» DATA EXTRACTS:
+ + + +

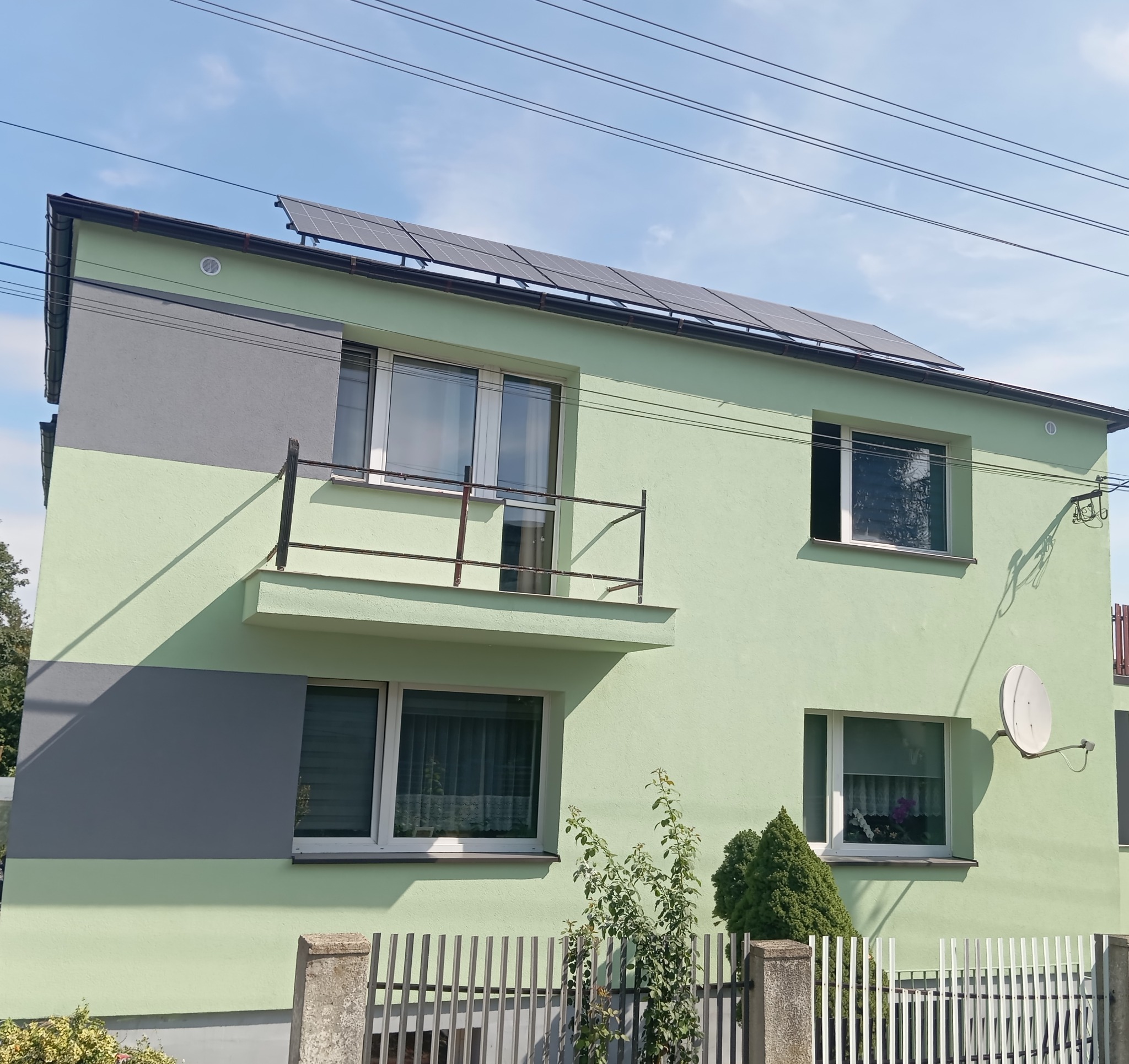 Dom z balkonem po malowaniu elewacji na jasnozielono i szaro, z panelami słonecznymi na dachu. Widoczna antena satelitarna i ogrodzenie.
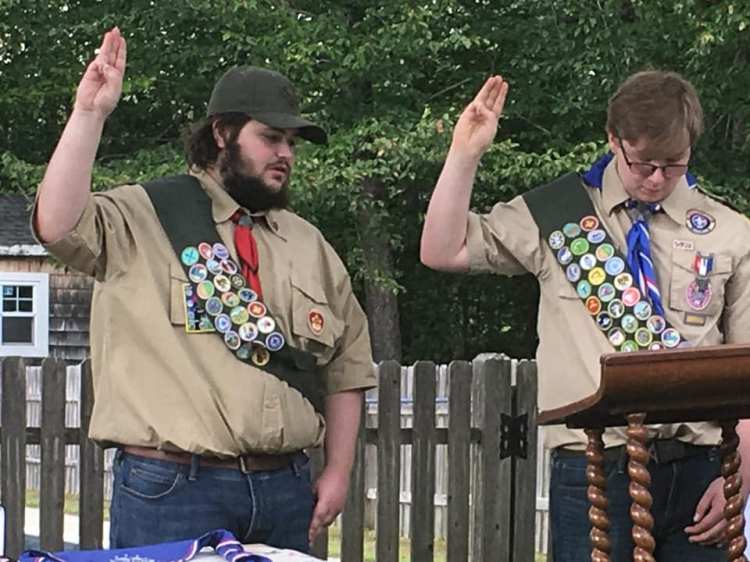 Aidan Shannon, left, and Max Hill, as Hill reads the Call of the Eagle.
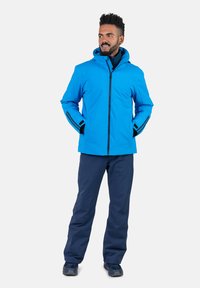 Chaqueta impermeable azul con capucha, con cierre de cremallera negra y bolsillos laterales. Combinada con pantalones azul marino, todo en una textura de tela lisa.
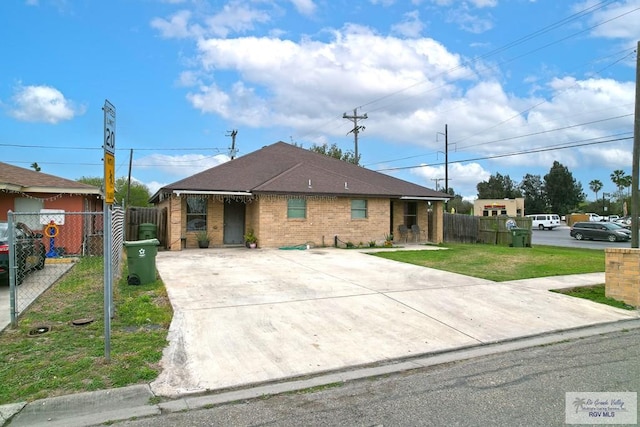 view of front of home with a gate, fence, a front lawn, and brick siding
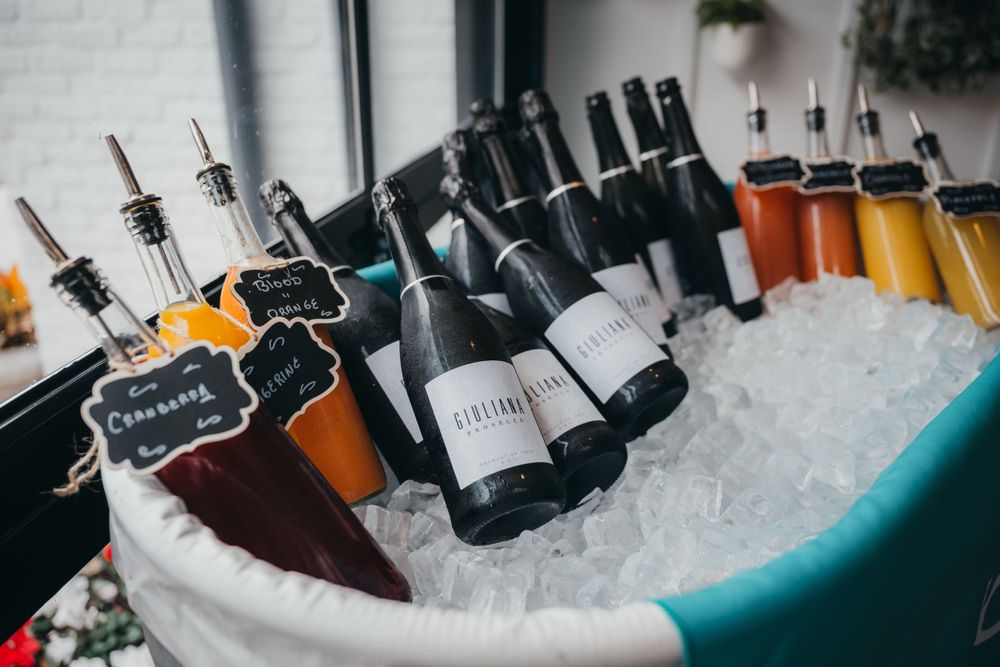 Bottles of wine and champagne chilling in ice buckets at an upscale event.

+ + + +

» WORK ITEM: Each entry above should be copied exactly. The pictures should not.

» RESULT:
 Dom z balkonem po malowaniu elewacji na jasnozielono i szaro, z panelami słonecznymi na dachu. Widoczna antena satelitarna i ogrodzenie.
 Aidan Shannon, left, and Max Hill, as Hill reads the Call of the Eagle.
 Chaqueta impermeable azul con capucha, con cierre de cremallera negra y bolsillos laterales. Combinada con pantalones azul marino, todo en una textura de tela lisa.
 view of front of home with a gate, fence, a front lawn, and brick siding
 Bottles of wine and champagne chilling in ice buckets at an upscale event.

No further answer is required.